Government-backed loan programs will continue to be a rich source of capital this year for seniors housing, making it the bright spot in the commercial real estate sector.

Fannie Mae and Freddie Mac, the government-sponsored enterprises (GSEs) that provide liquidity to lenders, are expected to each plow about another $1 billion into the seniors housing market in 2010.

Despite a recent slowdown of approvals because of a surge in applications, HUD’s 232 lending program also will continue to supply loans for seniors housing while program administrators work to expedite deal approvals.

“Fannie and Freddie are critical to seniors housing today,” says Philip Brooks, senior vice president at the Richmond, Va., offices of Berkadia Commercial Mortgage, a new company formed last December by industry veterans. “Both (GSEs) are open and eager for business.”

Concerns about the well being of the government-backed loan programs persist, however. Last week, Congressman Barney Frank, who heads the U.S. House Financial Services Committee, said that he will push to abolish Fannie and Freddie and replace it with a new system.

Fannie’s seniors housing portfolio is performing better than the multifamily segment, which is outperforming single-family home loans, say sources familiar with Fannie Mae. The delinquency rate for multifamily loans, which include seniors housing, dipped to 0.61% in October.
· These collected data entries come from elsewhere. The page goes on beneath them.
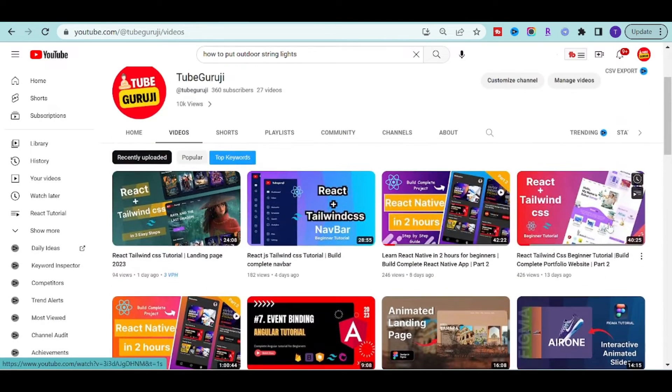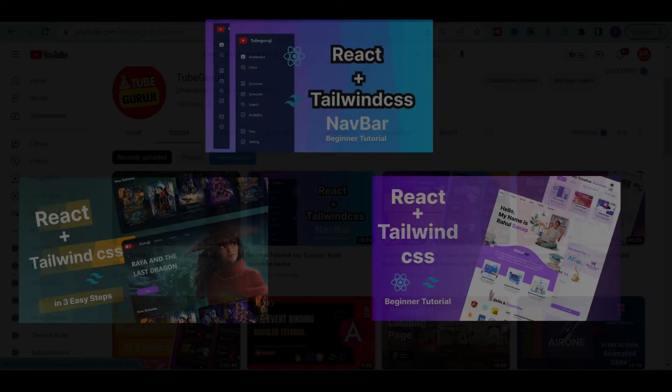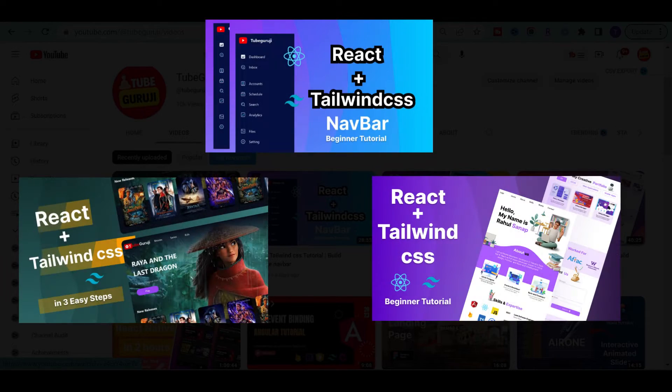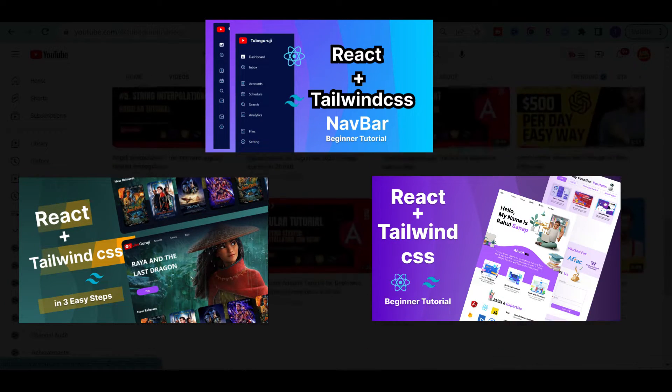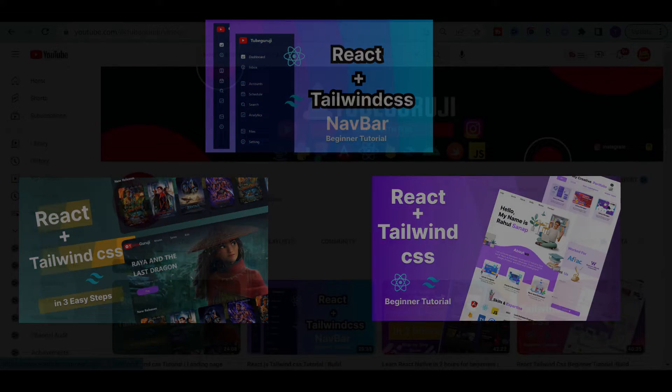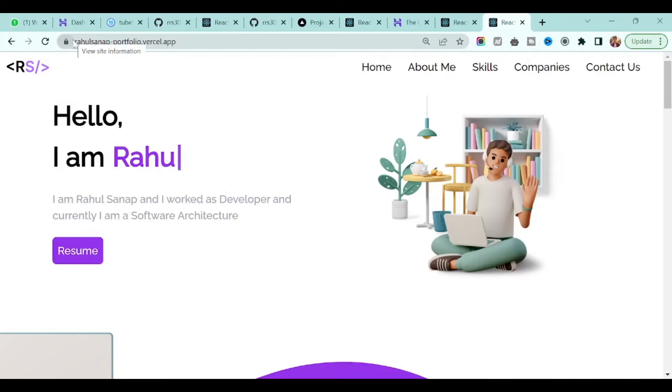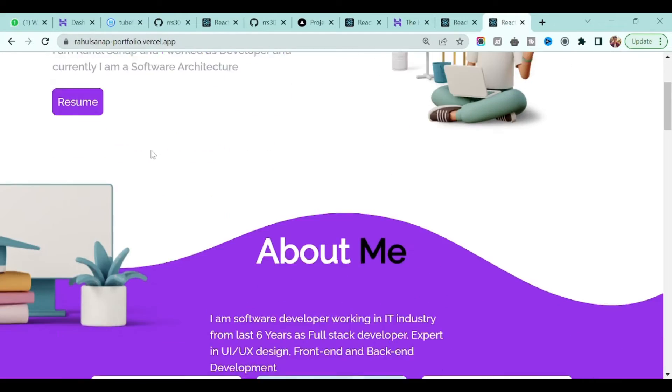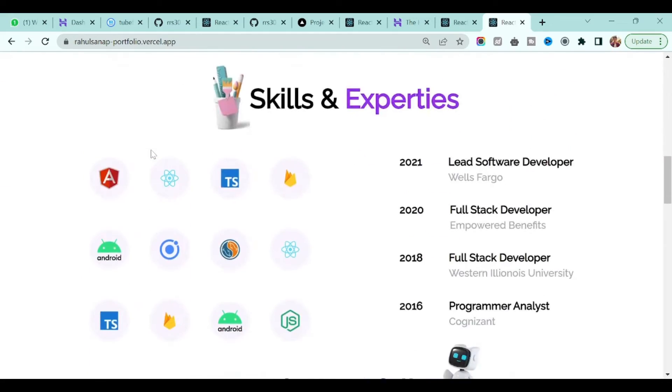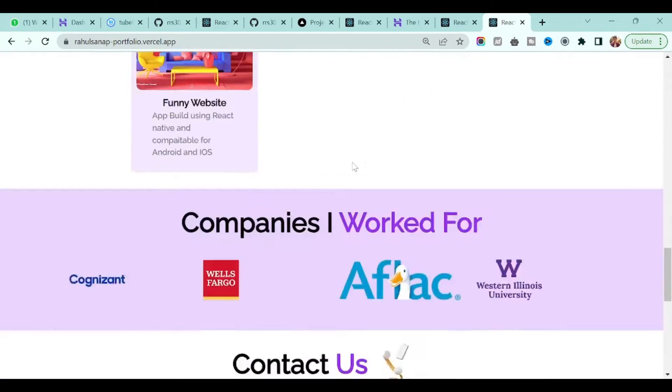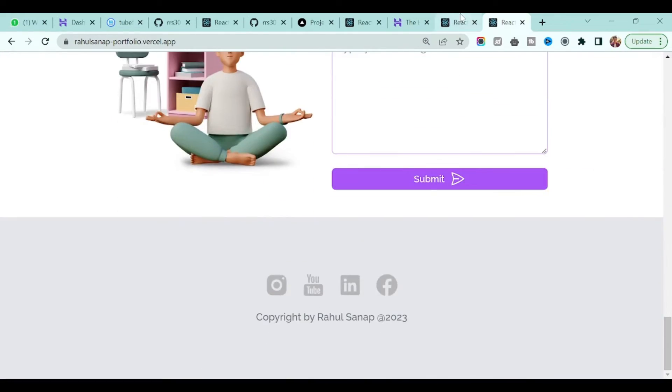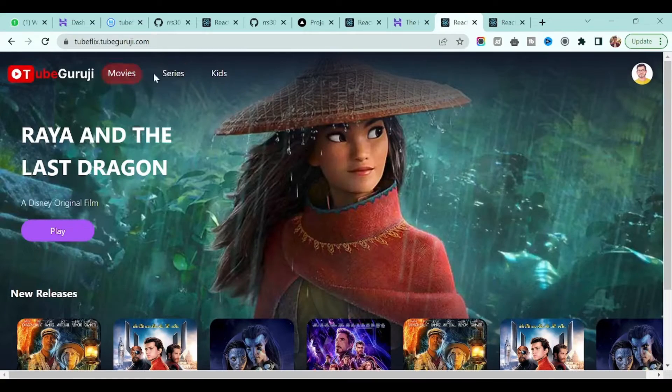In our channel we made some React web applications and we want to deploy that application so that you can share your work with your friends and family. That's why today in this video I am going to tell you how to deploy or host your React web application completely free.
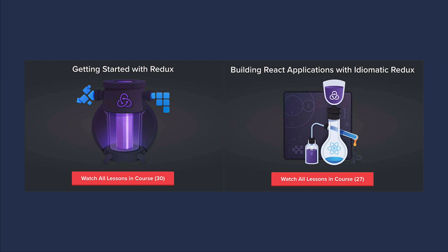If you want to learn Redux, I can't recommend Dan Abramov's lessons on Egghead enough. They are gorgeous and you should watch them right now, even if you are not using Redux. Seriously, watch them. Links in the description.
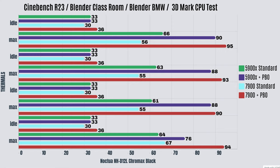So the 5900X with PBO enabled—it did reach up to 190 watts during this test. The maxes are very high, but what I will say is it did not thermal throttle during the tests. For Cinebench R23, the idles are 33 Celsius with a max of 90. Blender Classroom, idles 33 Celsius with a max of 88. Blender BMW, idles 33 Celsius with a max of 88. And 3D Mark CPU test, idles 33 Celsius with a max of 76.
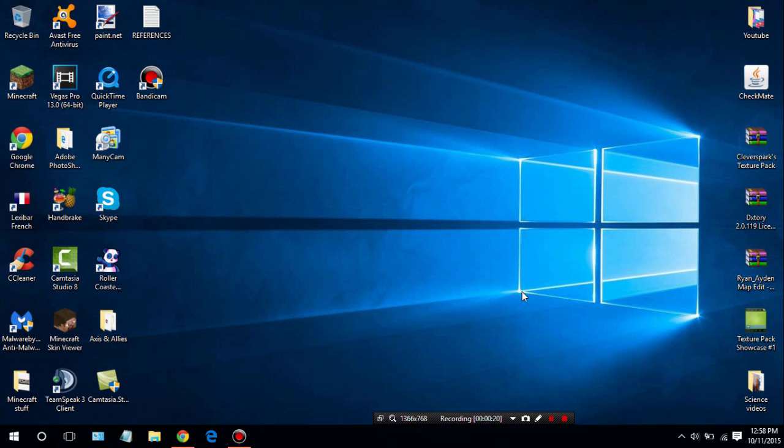Alright guys, so before I start this tutorial I do want to let you guys know that this version of Fraps will work on Windows version 7, 8, and 10. For this example I'm using Windows 10.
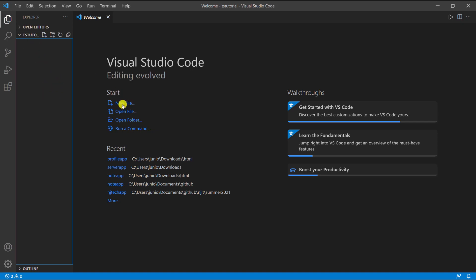You can click here to create a new file or just click on this little icon here. I'm going to create this file called allow.ts.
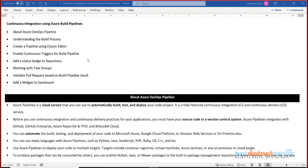Continuous integration using Azure Build Pipeline. Most of the time DevOps is all about efficiently creating a CI pipeline and a CD pipeline. CI stands for continuous integration and CD stands for continuous delivery. Our focus in this particular session is the CI pipeline, and once we are good at CI pipeline we would probably want to move into CD pipeline.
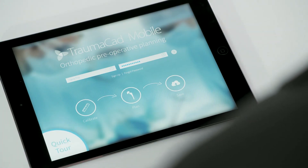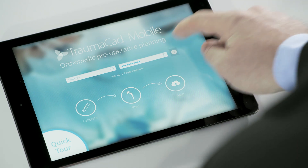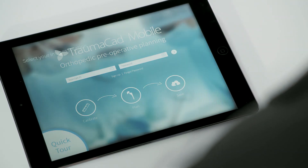To begin, download the TromaCAD Mobile application from the App Store and log in using your BrainLab ID and password.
“We are not having any deterioration with our seniors housing loans,” says Mitch Kiffe, vice president of multifamily production and sales at Freddie Mac in McLean, Va. “That bodes well for the market going forward.” Freddie’s delinquency rate for multifamily loans in November was 0.14%.
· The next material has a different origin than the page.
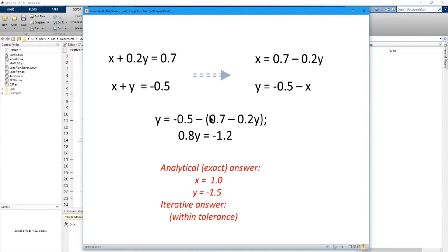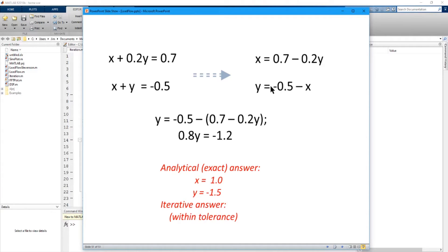There is also an iterative method, especially useful for a computer. You won't get the exact answer, but you'll get one very close within a tolerance. You solve using a guess, get a better value, resolve, and keep iterating until the change in the iterative values falls below an acceptable tolerance. When you get into complicated networks with many equations and many unknowns — say 100 equations and 100 unknowns — doing it analytically can get very difficult.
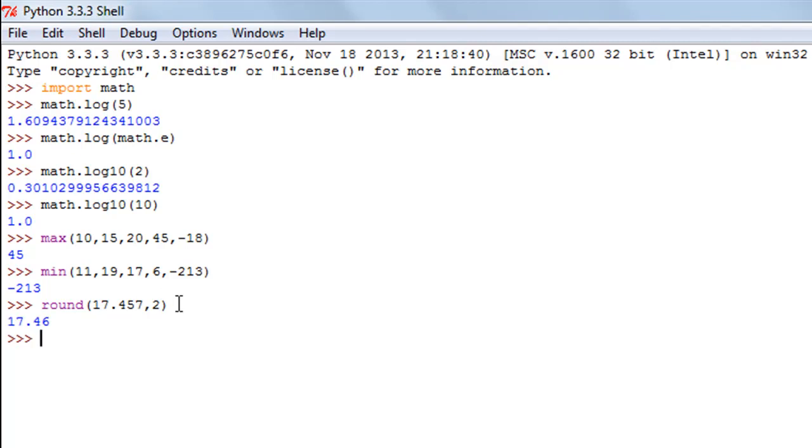You type in the first number, put a comma, and then the number of decimal places. When I do that I see the number rounded off to 2 decimal places and the result is 17.46.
Refinance loans make up the bulk of Freddie’s transactions, Kiffe says. Freddie doesn’t provide lending for new construction, and acquisition activity has been slow since the economic meltdown.

On a year-over-year basis, Freddie’s loan volume fell about 15% to 20% in 2009, Kiffe estimates, though exact numbers won’t be released for several weeks. Volume at Freddie is expected to decline slightly in 2010.
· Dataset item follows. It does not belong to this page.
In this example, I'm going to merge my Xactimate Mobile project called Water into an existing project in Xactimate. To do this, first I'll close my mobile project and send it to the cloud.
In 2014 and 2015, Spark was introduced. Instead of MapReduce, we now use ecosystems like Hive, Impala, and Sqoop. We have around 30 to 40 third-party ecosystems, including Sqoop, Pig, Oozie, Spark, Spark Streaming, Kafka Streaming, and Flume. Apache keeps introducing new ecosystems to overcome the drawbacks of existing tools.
Freddie currently holds seniors housing loans on its books, but it has plans to expand its commercial mortgage-backed securities (CMBS) lending programs in the second quarter of 2010, Kiffe says.

“We think that by opening seniors housing product line, we can reduce the cost of capital to borrowers.” Securitization could lower costs by about 25 basis points, he adds.

Servicers and originators say both Fannie and Freddie have tightened their lending standards to reflect current market conditions. Buildings must be stabilized properties, and loan-to-values are 70% to 75%, depending on the property type.

HUD helps fill gap

Meanwhile, the HUD 232 Lean program continues to fund projects. For example, the Morningside Group recently completed an $80 million refinancing of its assisted living portfolio — among the largest HUD 232 portfolio of loans to date. Capital Funding Group of Baltimore arranged the refinancing of six assisted living buildings.

The facilities are located throughout the mid-Atlantic region. Interest rates ranged from 4.75% to 4.78%. The deal took about four months to complete once the paperwork was submitted to HUD, according to Michael Burchell, director at Capital Funding.

The firm currently has 67 deals in the HUD pipeline. HUD has become more cautious and conducts greater due diligence on deals, Burchell says. “They follow the guidelines very carefully.”

The overwhelming demand for loans through the HUD 232 Lean program has created a backlog of applications, sources say. A mid-December update from HUD says 135 applications are in the queue and have not yet been assigned to be underwritten.

Loans are being delayed as long as three to four months, sources say. But program administrators hope to fix the backlog. “Improvements continue to be made,” says Raelee Jones, vice president at Wells Fargo Multifamily Capital and an underwriter for the program.

She explains that the Lean program is based on the idea that continuous improvements will be made to the system as feedback is received.

HUD recently changed the way it handles new construction applications. Since these deals take longer to approve, two separate queues have been created, one for new construction and another to refinance loans. That should expedite approvals for refinancing. HUD also has hired more staff to clear up the backlog.